Work to be completed: Repeat only the stretch of lines below that runs from the line with "Steel City’s Finest: Forging" through the line with "Organically Shaped Circle", unaltered.

Excerpts from a dataset
☆ ☆ ☆ ☆ ☆ ☆ ☆

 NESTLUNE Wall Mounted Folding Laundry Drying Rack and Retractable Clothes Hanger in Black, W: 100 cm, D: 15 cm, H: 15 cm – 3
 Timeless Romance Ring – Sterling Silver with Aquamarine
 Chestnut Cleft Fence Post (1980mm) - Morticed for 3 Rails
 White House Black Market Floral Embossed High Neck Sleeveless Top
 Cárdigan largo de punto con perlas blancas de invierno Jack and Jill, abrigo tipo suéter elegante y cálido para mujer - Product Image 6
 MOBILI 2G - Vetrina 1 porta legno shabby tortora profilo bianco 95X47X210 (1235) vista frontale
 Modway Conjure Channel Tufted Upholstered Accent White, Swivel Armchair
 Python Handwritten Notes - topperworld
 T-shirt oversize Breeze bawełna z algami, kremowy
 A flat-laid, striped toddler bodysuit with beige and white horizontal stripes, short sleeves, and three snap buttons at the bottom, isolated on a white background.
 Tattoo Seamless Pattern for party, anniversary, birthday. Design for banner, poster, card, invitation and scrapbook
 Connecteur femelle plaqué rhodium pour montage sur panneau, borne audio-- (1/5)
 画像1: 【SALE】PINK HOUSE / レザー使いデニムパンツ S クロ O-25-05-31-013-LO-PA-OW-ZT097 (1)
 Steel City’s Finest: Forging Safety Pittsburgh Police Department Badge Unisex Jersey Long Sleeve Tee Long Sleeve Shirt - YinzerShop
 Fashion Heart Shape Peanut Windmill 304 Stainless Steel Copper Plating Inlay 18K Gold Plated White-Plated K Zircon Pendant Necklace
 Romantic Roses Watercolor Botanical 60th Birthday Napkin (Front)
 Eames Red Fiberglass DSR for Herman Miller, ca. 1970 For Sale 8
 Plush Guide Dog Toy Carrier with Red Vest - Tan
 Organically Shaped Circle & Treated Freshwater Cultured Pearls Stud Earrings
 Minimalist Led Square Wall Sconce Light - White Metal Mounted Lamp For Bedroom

☆ ☆ ☆ ☆ ☆ ☆ ☆

Solution for this task:
 Steel City’s Finest: Forging Safety Pittsburgh Police Department Badge Unisex Jersey Long Sleeve Tee Long Sleeve Shirt - YinzerShop
 Fashion Heart Shape Peanut Windmill 304 Stainless Steel Copper Plating Inlay 18K Gold Plated White-Plated K Zircon Pendant Necklace
 Romantic Roses Watercolor Botanical 60th Birthday Napkin (Front)
 Eames Red Fiberglass DSR for Herman Miller, ca. 1970 For Sale 8
 Plush Guide Dog Toy Carrier with Red Vest - Tan
 Organically Shaped Circle & Treated Freshwater Cultured Pearls Stud Earrings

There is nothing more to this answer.